Alternatively, the higher beings are consumed by their will to fight the evil race that they are obsessed. Helping the villagers would slow down the defeat of evil... perhaps even allow them to regroup and strengthen. Whether the threat of that is real enough to justify this is perfectly fluid. Lack of a real threat means more obsession. Actual threat means that the highers do have a point.

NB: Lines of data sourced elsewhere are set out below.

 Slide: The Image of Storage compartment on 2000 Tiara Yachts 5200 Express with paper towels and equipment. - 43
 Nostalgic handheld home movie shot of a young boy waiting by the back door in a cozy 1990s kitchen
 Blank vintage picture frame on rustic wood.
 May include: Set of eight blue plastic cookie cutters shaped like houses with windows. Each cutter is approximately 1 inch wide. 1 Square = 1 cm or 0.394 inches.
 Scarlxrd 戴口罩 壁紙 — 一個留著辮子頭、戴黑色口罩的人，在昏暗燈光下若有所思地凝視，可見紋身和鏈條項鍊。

A treaty between the evil and highers that puts directly helping the primitives in anyway beyond assisting in battle. Of course, like all good treaties, cheating will happen (don't believe me, look at the Washington Naval treaty, which governs classifications and limits Naval power among modern countries (it's post WWI, so it's old, but Naval warfare changes very little). Then look at all the fun ways the countries cheat. Most of it is illegal but Nation A won't call foul on Nation B because Nation A is just as guilty of creative interpretation. Alot of it is insestent terms i.e. the United States only operates 11 Aircraft Carriers. Those 20 other ships that launch and recover aircraft that just so happen to look like Aircraft Carriers the rest of the world uses? Those are Amphibious Assault ships, not Aircraft Carriers.). Can be further complicated if the Evil race is blatantly cheating but the higher race is moral enough to still play by the rules.
A neutral third party (NTP) that is just as, if not more, powerful than the highers and the evils decreed no helping the villagers. Said NTP should be a sleeping giant and either due to the ongoing war or just naturally so, they are more powerful than the Highers and Evils. As much as the two powers hate each other, NTP entering would be bad news so they comply.

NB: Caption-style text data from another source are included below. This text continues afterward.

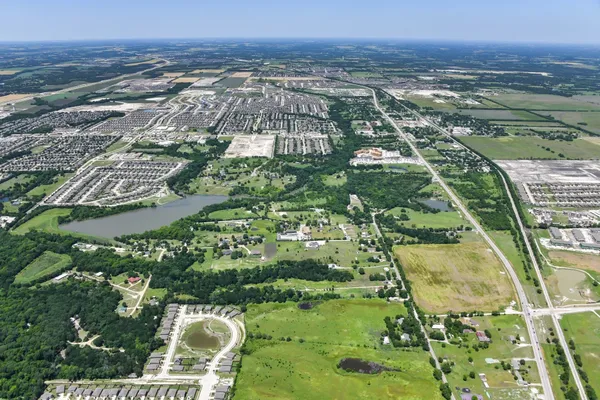 an aerial view of residential houses with outdoor space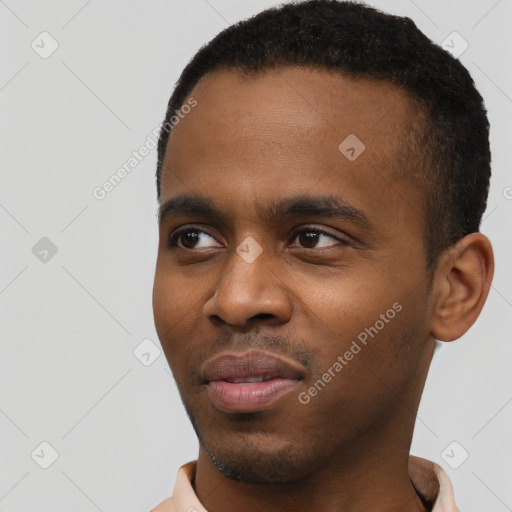 Joyful black young-adult male with short  black hair and brown eyes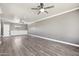 Spacious living room features hardwood floors, neutral paint, and a ceiling fan at 2251 N 32Nd St # 31, Mesa, AZ 85213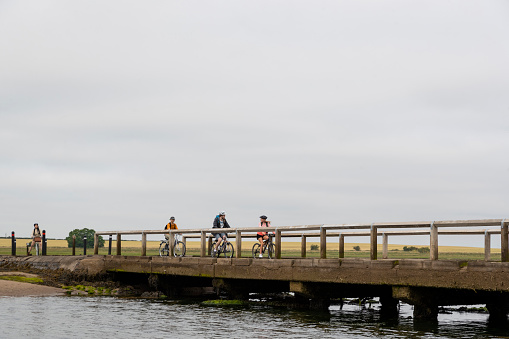 Wide angle shot of a group of mixed ethnic teens on a  bike ride together at Holy Island in the North East of England in summer. They are riding over a bridge by the ocean.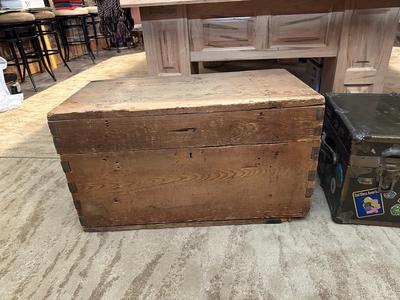 WOODEN TRUNK FROM A FOREIGN COUNTRY AND A METAL TRUNK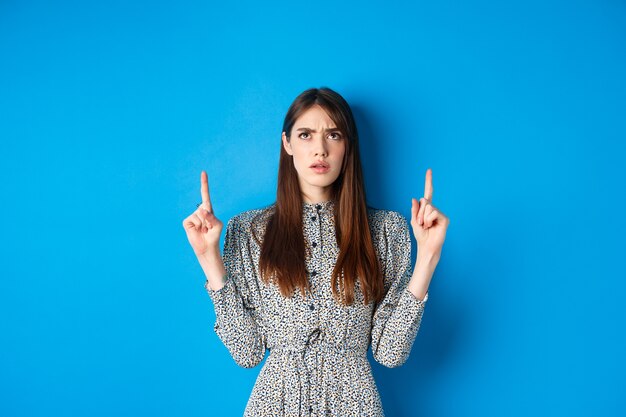 Confundida mujer atractiva en vestido frunciendo el ceño señalando con el dedo hacia arriba y mirando desconcertado no puedo entender ...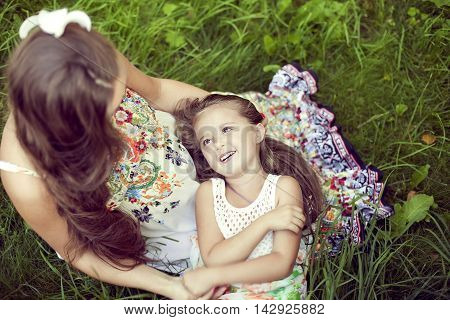Mother and daughter in a beautiful floral sundresses in the summer sit on grass and hug. The girl clung to a pregnant woman and listens to her tummy. The view from the top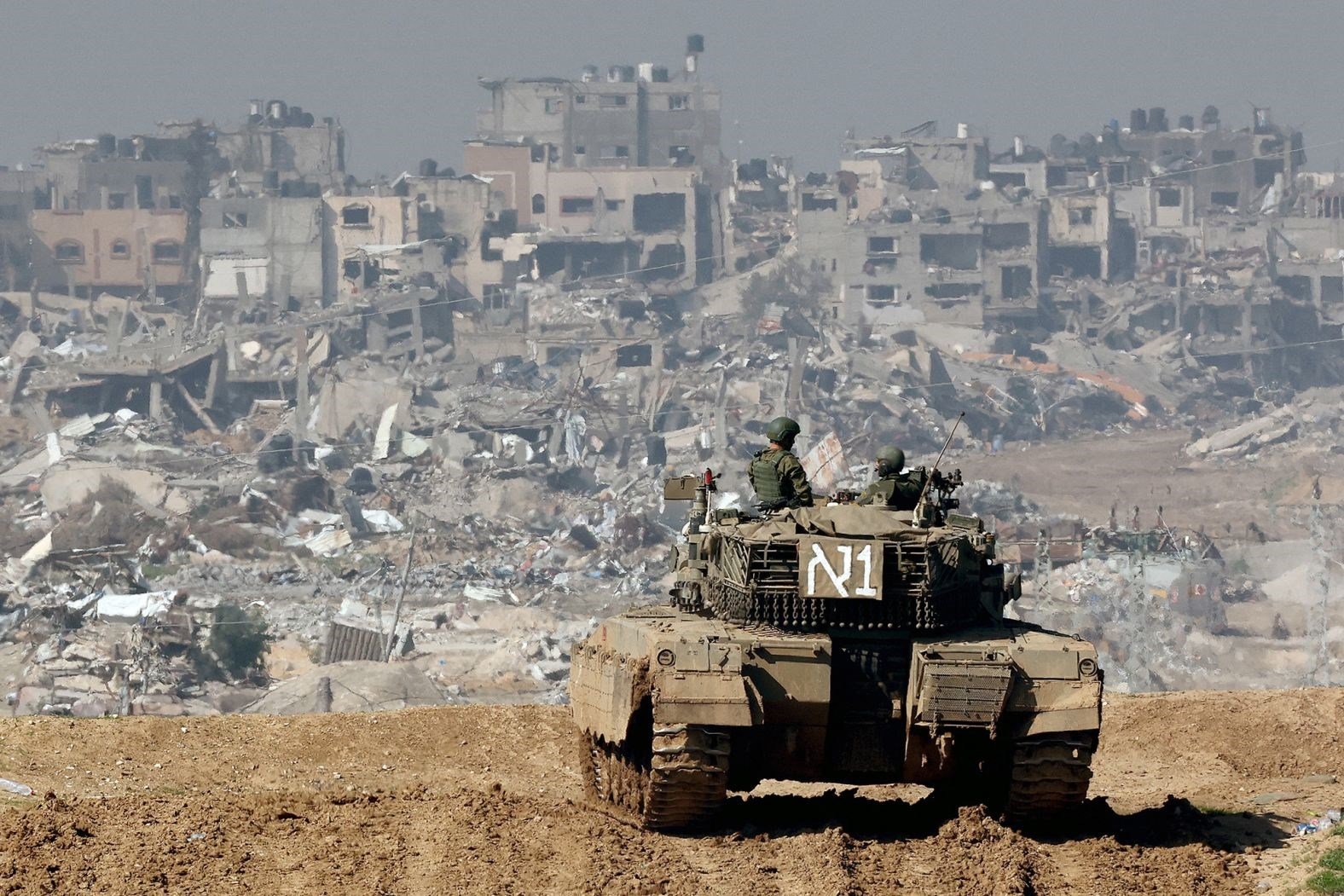 An Israeli tank patrols destroyed areas in Gaza on January 19. (AFP/Getty Images)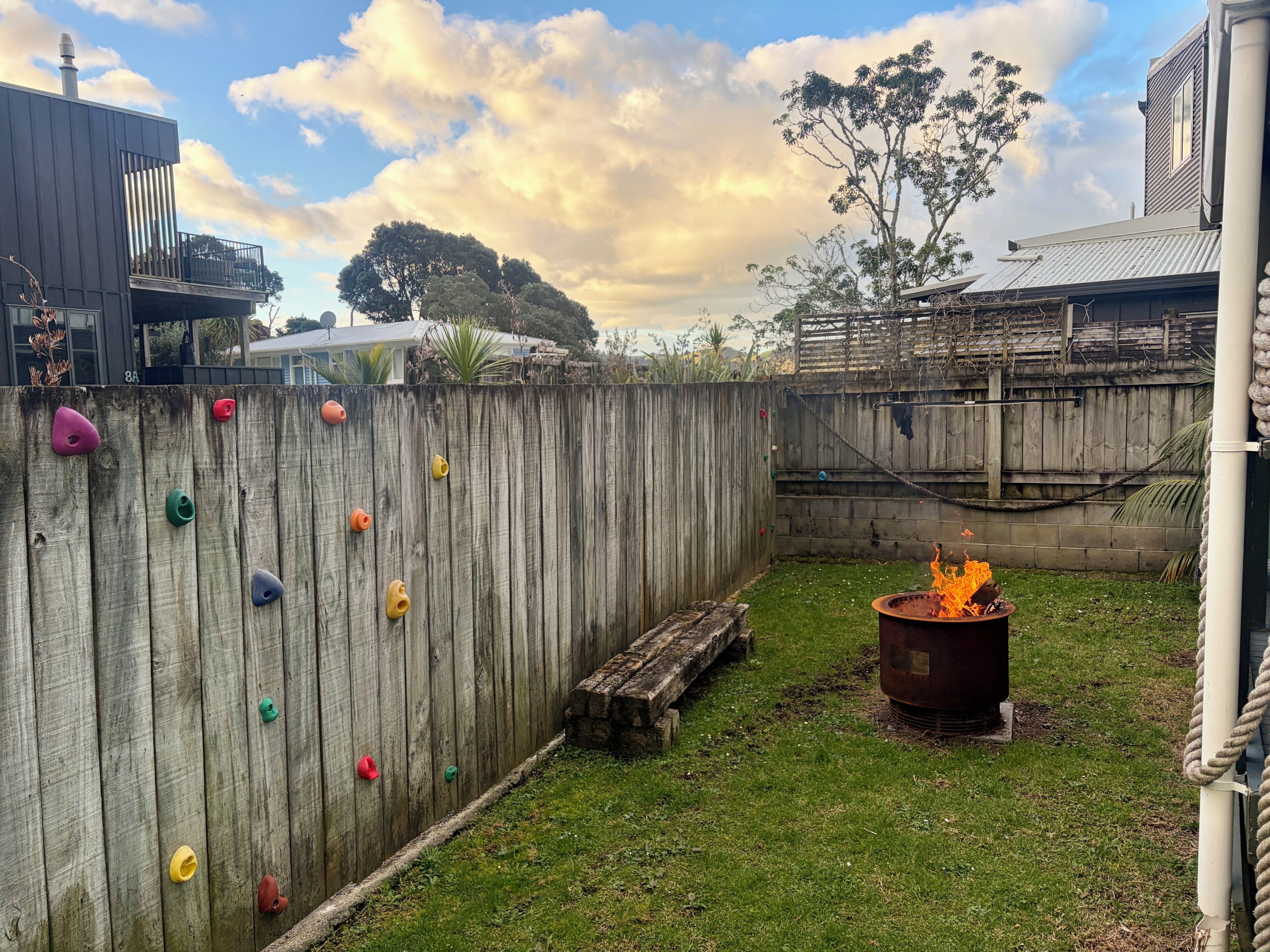Ein Garten mit einer hölzernen Kletterwand, einer Feuerstelle und einer Rasenfläche.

The Villagers are non-particularly loyal to the Higher Beings... this would mirror recent American intervention in Syria which boiled down to a fight between a regime most voters did not carefor verses a rebellion group that was infiltrated by Al Quada (sp) by the time the US government decided to try and get involved. No one was thrilled with the prospect that arming rebels would result in arming an organization that wants to kill Americans as part of it's major mission statement. More historically, America was none to thrilled to enter both world wars because that was Europes Problem, not ours... even after Pearl Harbor, Americans were content to prosecte only the Pacific theater... it was Hitler declaring war on the United States that triggered the European Theater participation. Either way, the attitude boils down to "why are we sending our troops to die for their problems" as a popular political element in the Higher Powers.

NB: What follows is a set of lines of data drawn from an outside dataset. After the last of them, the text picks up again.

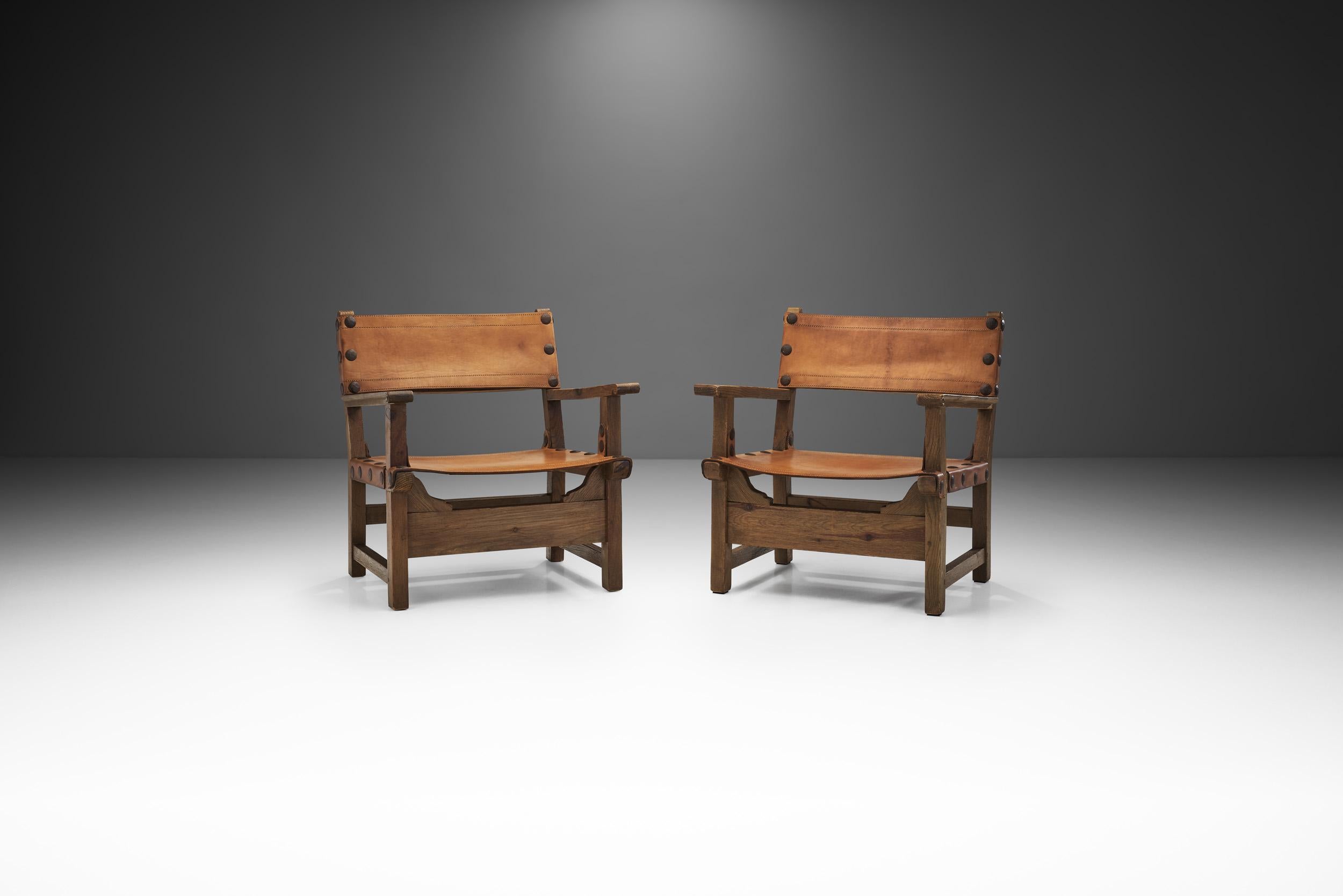 This pair of chairs might seem bold and rugged at first glance, however, at closer inspection, it is clear that the design is very well-thought-out; the lines are precisely sculpted, and the joinery precise and tight.

These so-called “Spanish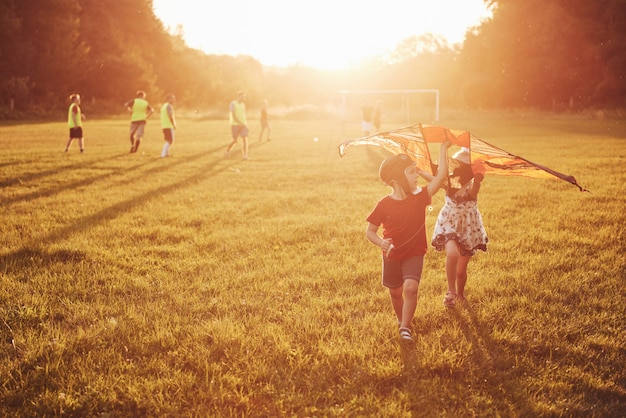 Free photo happy children launch a kite in the field at sunset. little boy and girl on summer vacation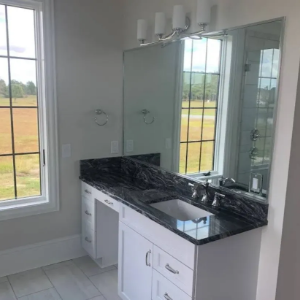 Bright bathroom vanity with black countertop, large mirror, and window view of open fields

Again, this also depends on which side in the conflict is your POV character. If this is about the Higher Power, than a "Prime Directive" is something you want to go with. The Highers treat it as near sacred doctrine and it's hyped as a sign of their enlightenment, but it's flawed in that it inheritly puts value on lesser beings.
If the Villagers are POV, you want to hype that the Highers are nice to have on your side, but are jerks.
All this said, I like the idea that this conflict has some politics to it. It's easy to say one is the purely pure good and one is the dastardly evil... it's a lot more complicated to say that the good guys and the bad guys are not black in white. One of my favorite series as a kid (animorphs) had this as a rule. The evil empire was governed by a democratic elected body and the head of the government's only true power was to cast tie breaking votes (if there was no tie, he didn't get to vote) and was never publicized for the dual purpose of security and power limitation purposes (it's hard to have a cult of personality for a leader when he or she is unnamed.). Meanwhile the good governmnet was controled by a xenophobic military command that at least twice enacted genocide policies to try and deprive the evil empire of resources and had a very censored media because they did not want their own people to find out about some of their war crimes (we learn pretty late that civvies in their society were much nicer people... but our heroes had the misfortune of dealing with the military more than the civvilians).